Nach den Zahlen des Wahlamtes der Stadt Amberg kamen am 15. März 7643 Wähler ins Wahllokal. 7895 gaben dagegen per Briefwahl ihre Stimmen für den Stadtrat ab. Das entspricht 50,81 Prozent.
Die Briefwähler produzierten nur 187 ungültige Stimmzettel, während es bei den Urnenwählern 212 waren. Dazu kommt der Effekt, dass die Briefwähler bei der Stimmvergabe durchschnittlich näher an die Maximalzahl von 40 herangingen als die Urnenwähler (36,52 gegenüber 34,46). Im Endergebnis führt das dazu, dass die gültigen Briefwahlstimmen (281.490) 52,36 Prozent der Gesamtstimmen ausmachen.

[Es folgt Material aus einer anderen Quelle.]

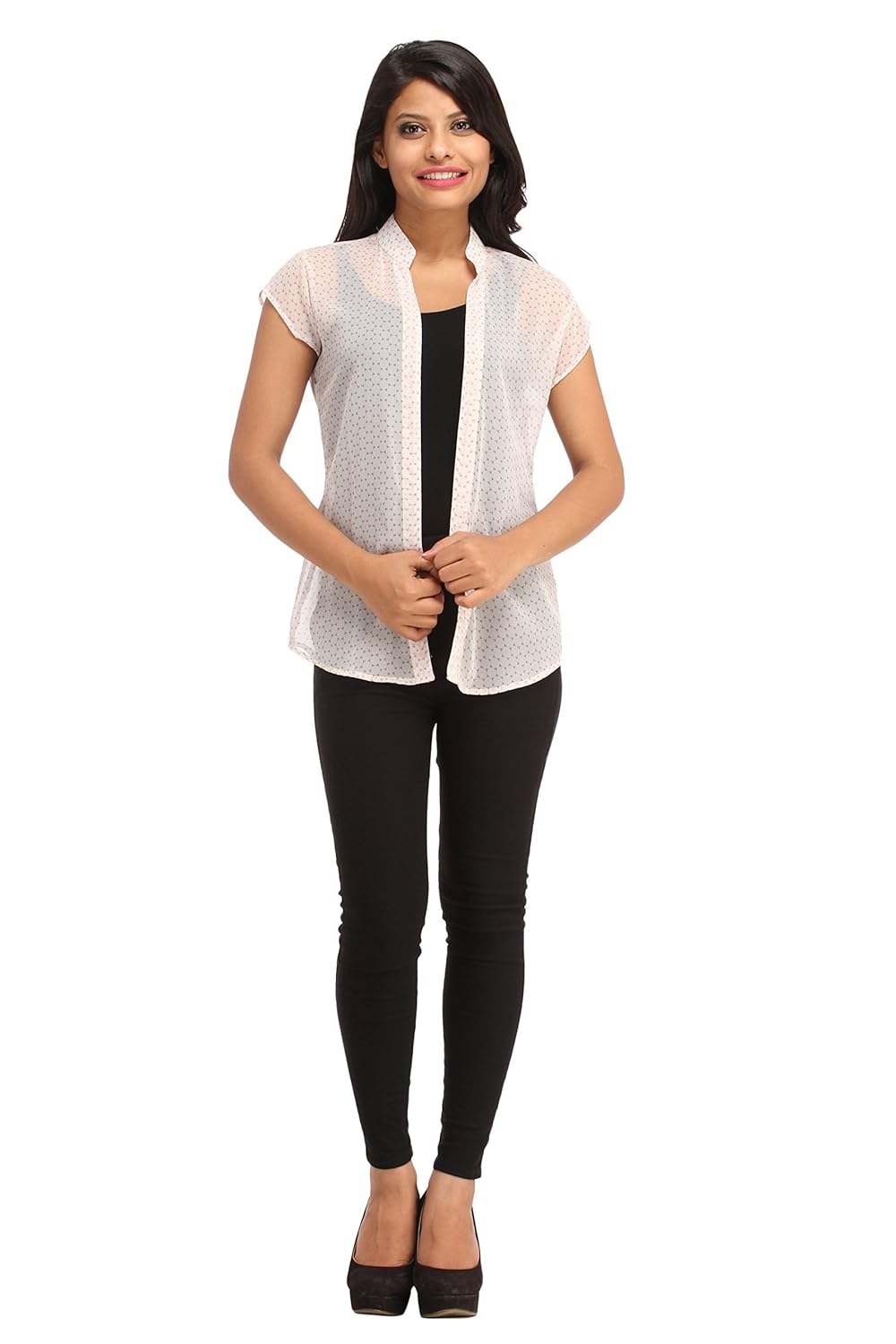 cottinfab women's shrug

In der Folge haben von acht angetretenen Listen sechs mehr Briefwahl- als Urnenwahlstimmen erhalten. Besonders gravierend ist der Unterschied in absoluten Zahlen bei „Die Liste Amberg“ (36.560 Briefstimmen zu 24.091 Urnenstimmen) und bei der ÖDP (20.297 zu 13.787). Nur bei zwei Parteien überwiegen die Urnenstimmen, bei der CSU (112.708 zu 115.994) und bei den Grünen (30.471 zu 30.718).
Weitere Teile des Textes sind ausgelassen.